The first quirk is **conditional writes** (`If-None-Match` / `If-Match`, which Icechunk
uses to make ref creation and commits atomic). Not every store implements them — JASMIN's,
for instance, rejects them. `StoreBehavior(conditional_writes=...)` models each behavior
locally, with no cloud credentials:

| `conditional_writes` | Models a store that… | A conditional write… |
|---|---|---|
| `"enforce"` *(default)* | supports them (real S3) | is honored (compare-and-swap) |
| `"reject"` | does **not** implement them (e.g. JASMIN) | is refused with `501 NotImplemented` |
| `"ignore"` | accepts but silently ignores them | overwrites unconditionally |

```python
from snailmail import ObjectStore, StoreBehavior

# Behaves like JASMIN: reject conditional writes with NotImplemented.
with ObjectStore(behavior=StoreBehavior(conditional_writes="reject")) as store:
    ...
    print(store.stats()["conditional_rejected"])   # count of writes refused
```

`"ignore"` is the quieter hazard — the write *succeeds* but loses its atomicity guarantee,
so it surfaces lost-update bugs; `stats()["conditional_stripped"]` counts those.

This makes otherwise creds-only failures reproducible on a laptop. `repros/icechunk_2228.py`
is a self-contained reproduction of [icechunk#2228](https://github.com/earth-mover/icechunk/issues/2228)
(conditional-op settings silently dropped under `spec_version=1`) — run it with
`uv run repros/icechunk_2228.py`, no JASMIN account required.

## What it models

**Latency** is a per-request draw from the chosen distribution. `lognormal` is
the recommended default: parameterise it by the PDF mode (`--mode-ms`) and shape
(`--sigma`). `normal`, `exponential`, and `fixed` are available for comparison.

**Bandwidth** is a single shared FIFO pipe (`--bandwidth-mbs`, MB/s = 1e6 bytes/s).
Per-request round-trips run in parallel, but response bytes serialize through the
pipe, so aggregate egress is capped and over-read costs real transfer time.
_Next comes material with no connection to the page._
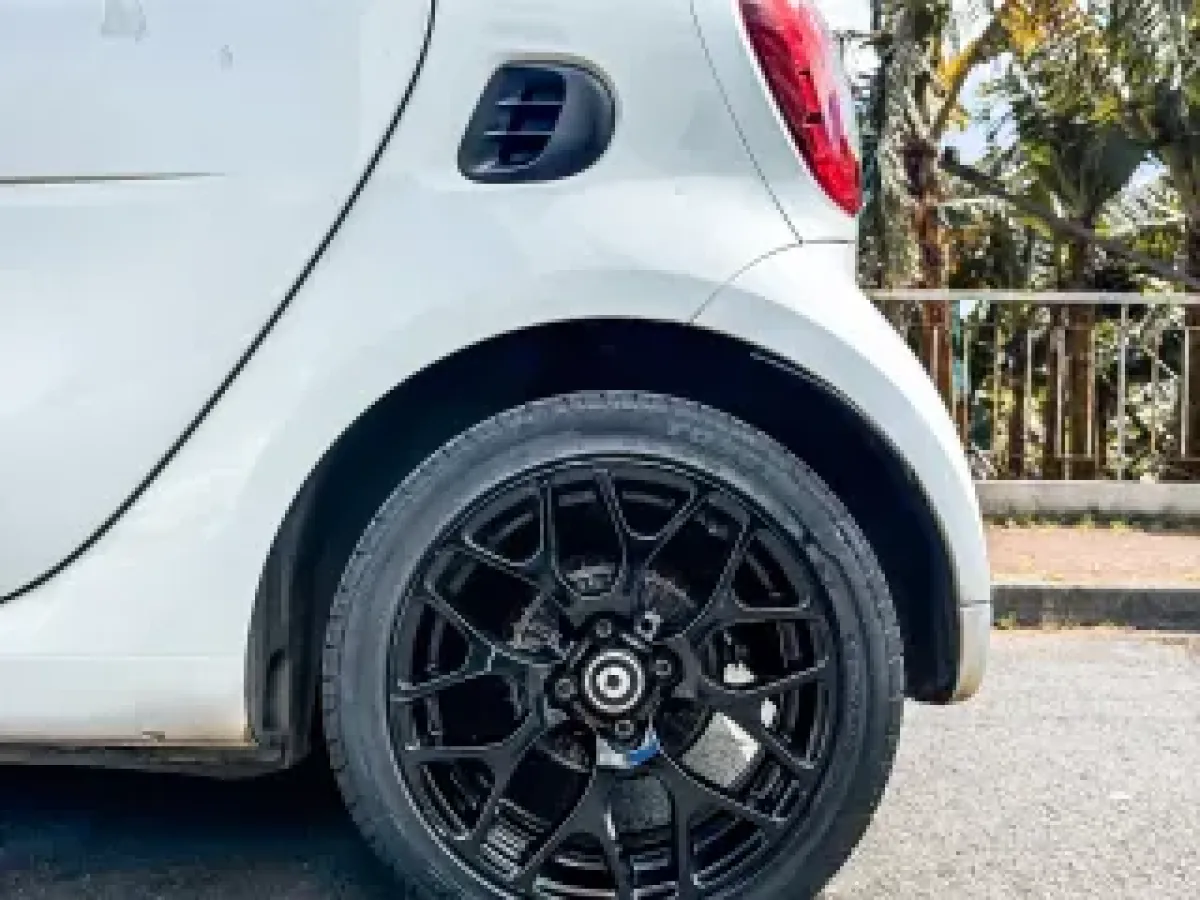 Thumbnail 11 - Smart Fortwo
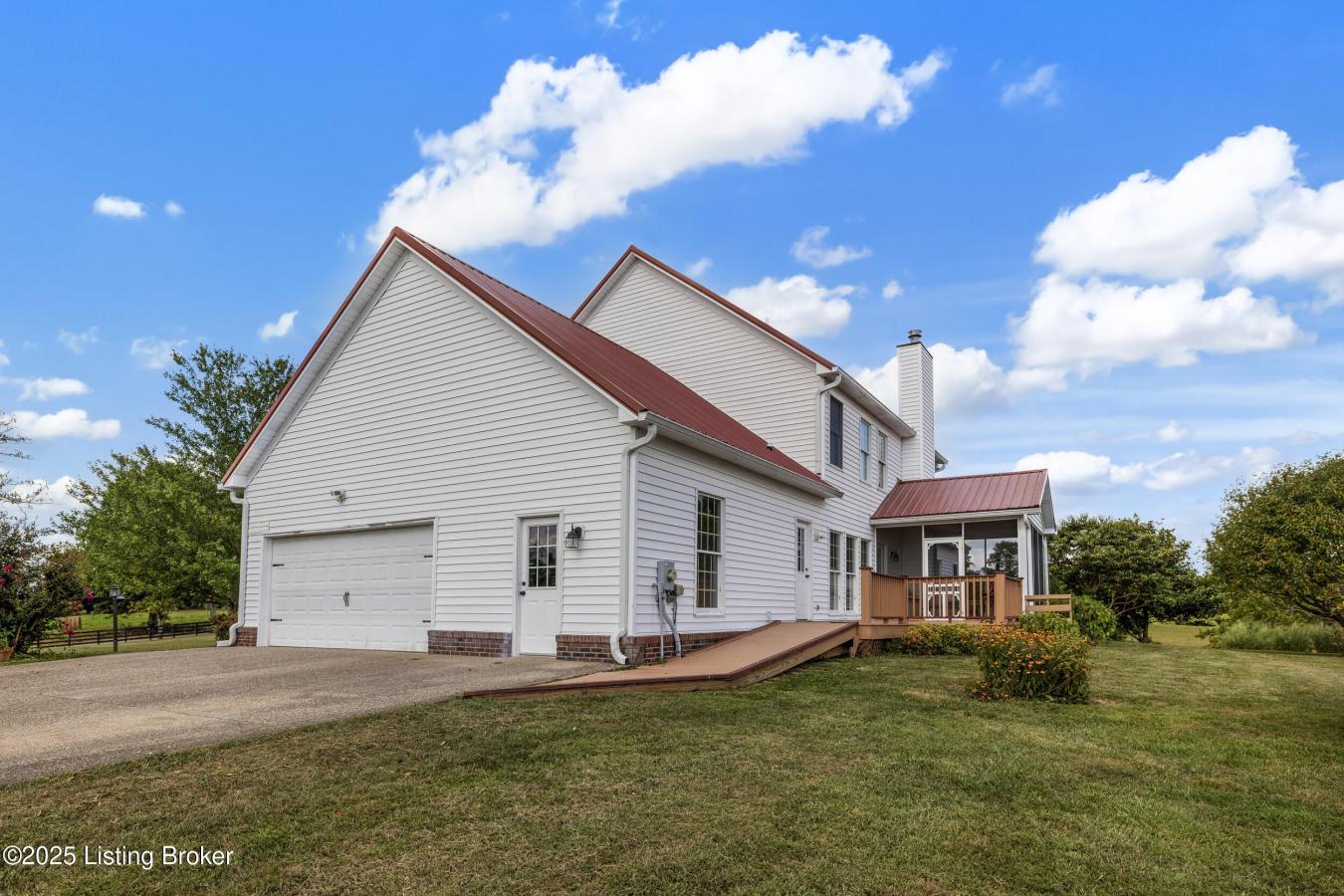 Campbellsburg, Henry, 40011, United States, 4 Bedrooms Bedrooms, ,2 BathroomsBathrooms,Residential,For Sale,1959864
Omit
for unlimited bandwidth.

HTTP correctness (206, `Content-Range`, suffix ranges, 416, conditional requests)
and on-disk streaming come from aiohttp's `web.FileResponse`. Files are never
loaded into RAM, so multi-gigabyte files work.

Missing keys return 404 and are counted in `n_misses`, matching object-store
NoSuchKey behavior.

## Notes

- Loopback only (binds `127.0.0.1`); nothing leaves the machine.
- Consumers must opt into plain HTTP: obstore `client_options={"allow_http": True}`,
  icechunk `http_store({"allow_http": "true"})`.
- The injected latency is added to the real (sub-millisecond, local-SSD)
  range-read time, so the modelled RTT is dominated by the configured value.
- For transport-accurate shaping on real packets, use `tc netem` (Linux) or
  `dnctl`/`pfctl` (macOS) in front of any file server. snailmail trades that
  for zero-setup, in-process instrumentation.

Contributing? See [AGENTS.md](AGENTS.md). MIT licensed.